If one overlays publicly available geological information with maps showing persistent violence, some observers argue that striking geographical overlaps appear in several regions. Such overlaps alone cannot establish causation. Correlation is not proof of conspiracy. However, they raise questions worthy of independent scrutiny.
One issue attracting increasing attention and adequately yearns for answer is whether prolonged insecurity may inadvertently or deliberately create conditions that make mineral extraction easier.
Under Nigeria’s Nigerian Minerals and Mining Act 2007, mineral resources belong to the Federal Government, while mining rights are granted through licences and leases. Community engagement and land access are expected to form part of the licensing process, although implementation varies depending on circumstances. This raises an important policy question.
What happens when the communities expected to participate in those processes have already fled because of violence?
Displacement changes the dynamics of land ownership, consent and access. While no evidence automatically proves that attacks are orchestrated to facilitate mining, the sequence of violence followed by renewed commercial activity in some locations deserves closer examination by regulators, lawmakers and investigative journalists.
In conflict studies, researchers have long observed that wars often generate economic winners alongside humanitarian losers. Could elements of Nigeria’s insecurity also be producing economic beneficiaries?
Reports over the years have documented concerns about illegal mining operations across parts of northern Nigeria. Government agencies themselves have repeatedly acknowledged that criminal networks profit from the country’s vast mineral wealth. The unresolved question is whether isolated criminality has, in some instances, evolved into more sophisticated alliances involving political influence, financial interests and international supply chains. If so, the implications extend far beyond Nigeria.
Invariably, it is clearly known that lithium has become one of the world’s most strategic commodities, powering electric vehicle batteries and renewable energy storage systems. Gold has always remained one of the safest global investment assets during periods of uncertainty. Meanwhile, it is well confirmed that the global appetite for these minerals creates enormous financial incentives.
Suppose violent displacement reduces resistance to extraction. Suppose shell companies subsequently acquire mining interests. Suppose minerals then leave Nigeria through legitimate-looking export documentation while their true value remains understated.

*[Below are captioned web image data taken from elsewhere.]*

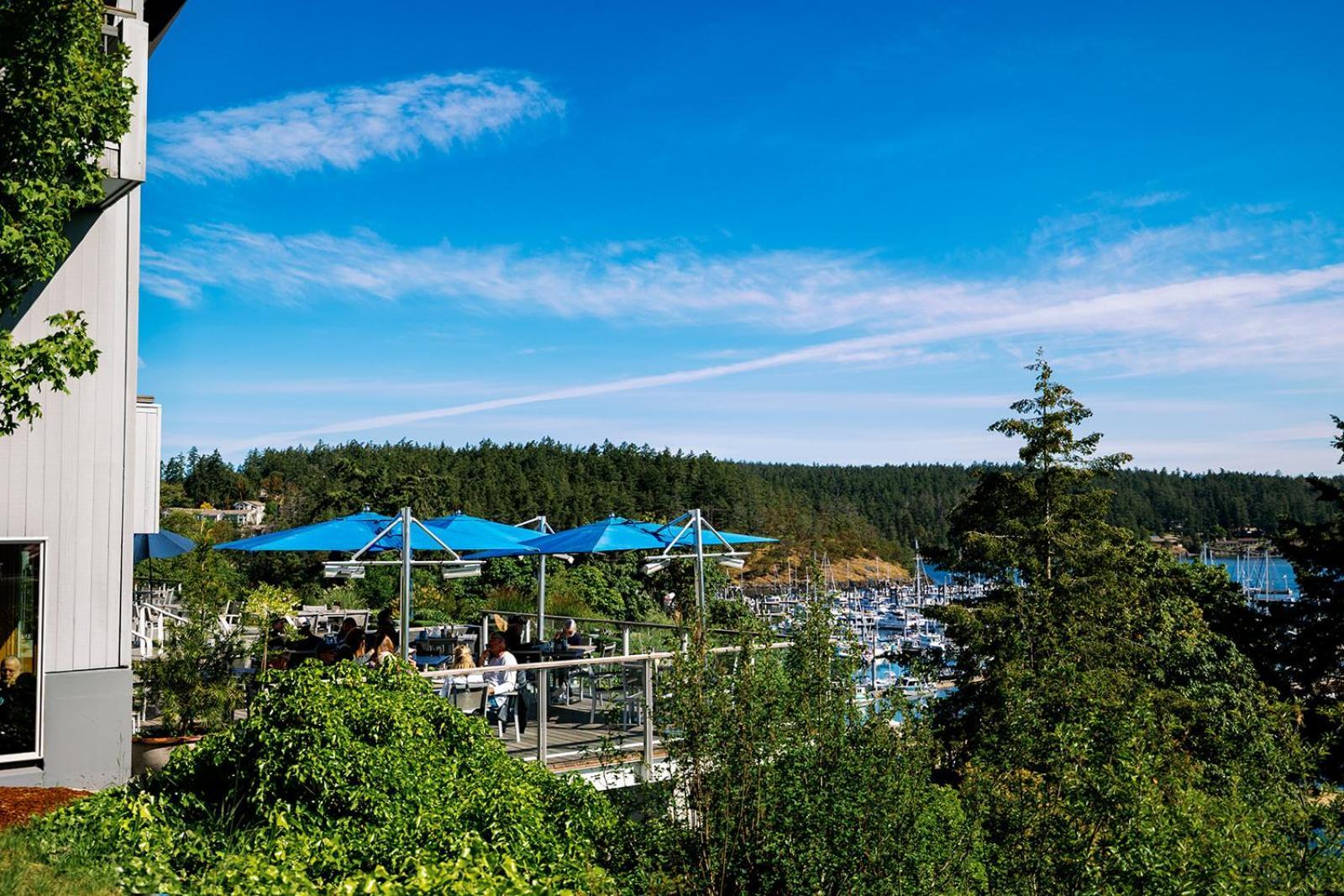 Готель Friday Harbor House Екстер'єр фото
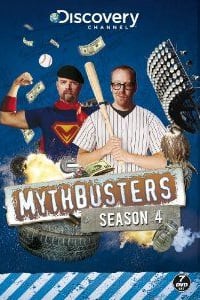 MythBusters - Season 4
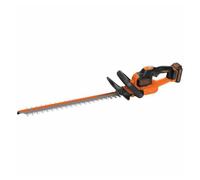 Cortasetos black & decker powercommand 2 gtc18502pc-qw 18 v 2 ah 50 cm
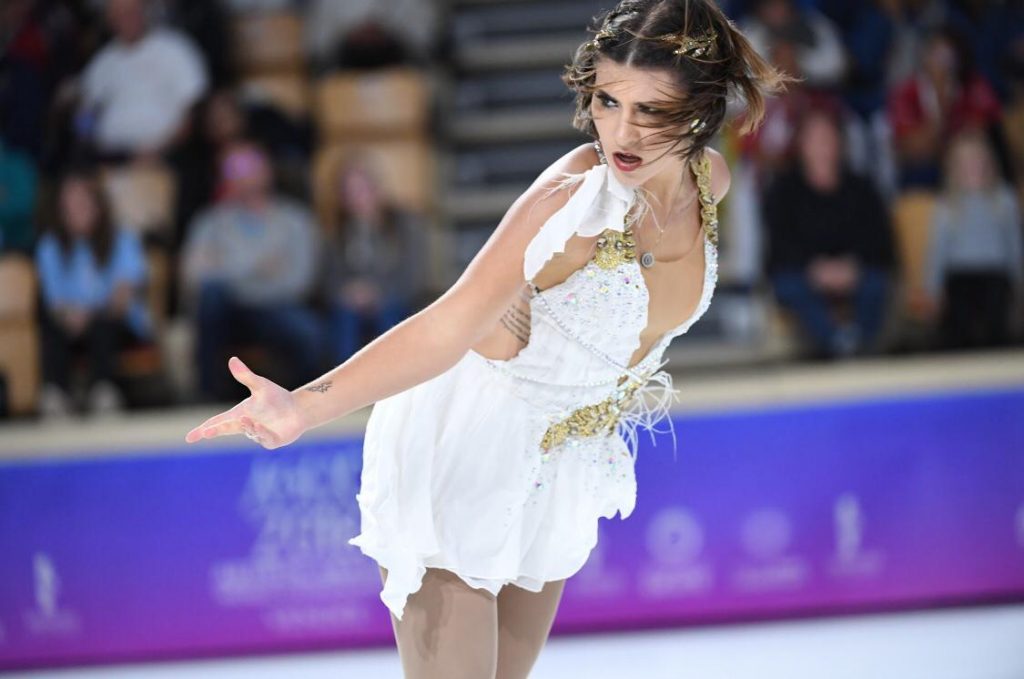 I Copa Sobradinho de Patinação Artística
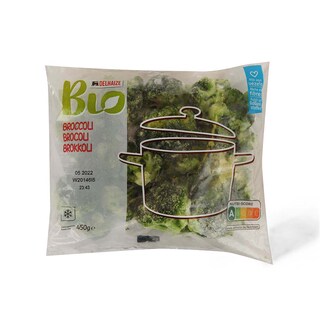 Bio smrznuti brokoli Maxi 450g
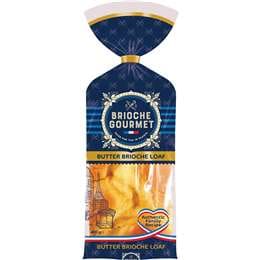 Brioche Gourmet Butter Loaf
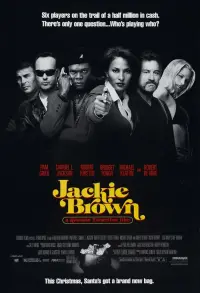 Poster to the movie "Jackie Brown" #221999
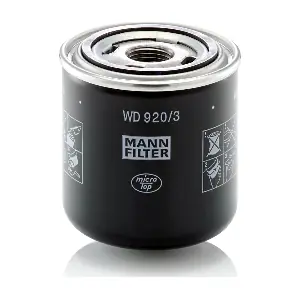 MANN-FILTER WD 920/3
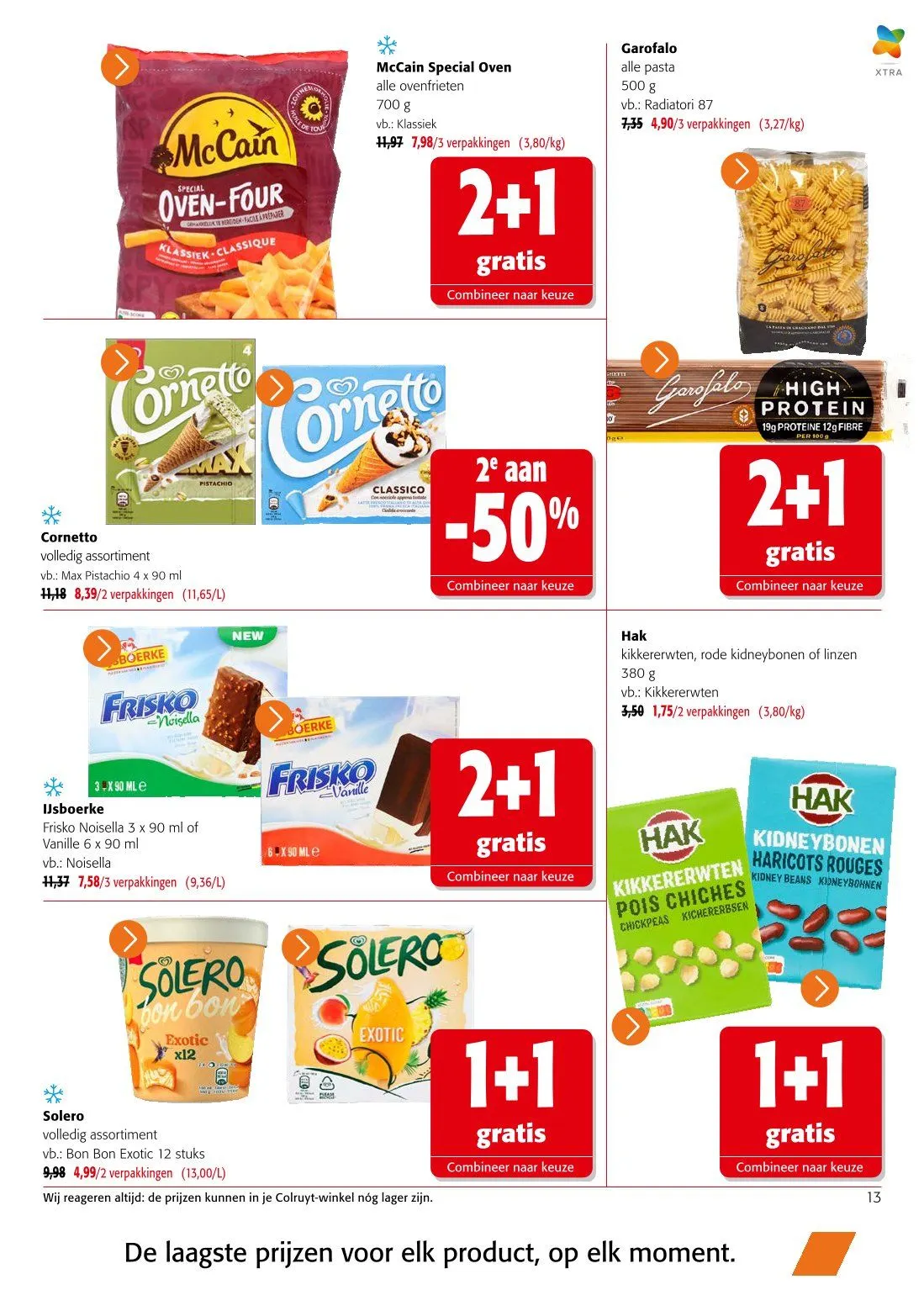 Colruyt Folders van 17 juni tot 30 juni 2026 - folder pagina 13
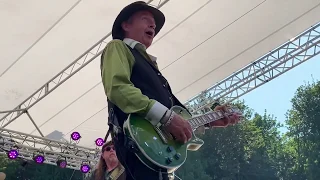 “Blues All the Time” at Mt. Baker R&B Festival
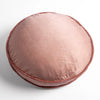 Bella Notte Paloma Round Throw Pillow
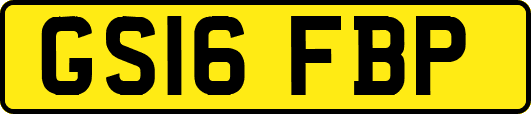 GS16FBP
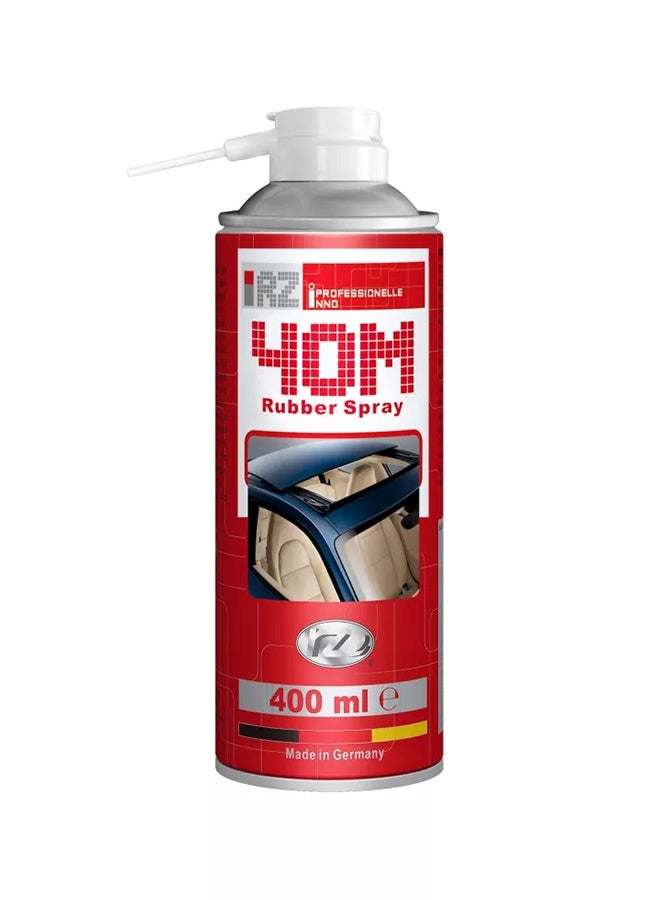 رزويل RZ40M ( سيليكون سبراى ) رذاذ مطاطي 400مل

These scenarios remain allegations unless supported by verifiable evidence. Yet they outline a framework that investigators may wish to test rather than ignore. Financial crime experts frequently identify trade mis-invoicing as one of the most common methods of illicit financial flows worldwide.
Could Nigeria’s solid minerals sector be vulnerable to similar practices? If valuable lithium ore is deliberately but inaccurately described as lower-value material on export documents, substantial wealth could potentially leave the country without reflecting its true market value. Likewise, if unrefined gold exits through privileged channels with limited scrutiny, questions naturally arise about oversight, transparency and accountability over criminal activities which have continued to stunt and disrupt the country’s socio-economic growth and at the same time cause carnage.
Such possibilities are not accusations against any particular institution or company. Rather, they illustrate why stronger monitoring systems are increasingly essential. Another question concerns logistics.
With the high level of criminal activities, industrial mining requires heavy machinery, diesel supplies, transportation networks and specialised personnel. These are not operations that can remain invisible indefinitely.
If certain territories are genuinely too dangerous for security agencies, how do industrial-scale extraction activities reportedly continue in some remote locations? If they do, who protects those operations? Who authorises their movement? Who verifies what is extracted? Who ensures royalties and export revenues reach public coffers? These are governance questions that demand institutional answers.
Equally important is the international dimension. Minerals extracted in Nigeria ultimately enter global supply chains. Gold may pass through international refining hubs before entering financial markets. Lithium may become part of battery manufacturing destined for electric vehicles, which are being sold across Europe, North America and Asia.
One known fact is that consumers purchasing products containing these minerals rarely know the full story of where they originated.
Increasingly, however, investors and governments are demanding ethical sourcing standards that trace minerals from extraction to final manufacture.
A critical factor that must be taken into cognisance is that if insecurity is creating opportunities for illegal or unethical extraction anywhere in the world, multinational companies have responsibilities alongside national governments, of which the onus falls on the Nigerian government.
Transparency cannot stop at the mine gate. Nor should accountability end at national borders. Another issue requiring attention concerns beneficial ownership.
Across many jurisdictions, shell companies can obscure the identities of individuals ultimately controlling commercial assets. If politically exposed persons or powerful business interests are hidden behind complex corporate structures registered offshore, identifying beneficiaries becomes significantly more difficult. This challenge is hardly unique to Nigeria.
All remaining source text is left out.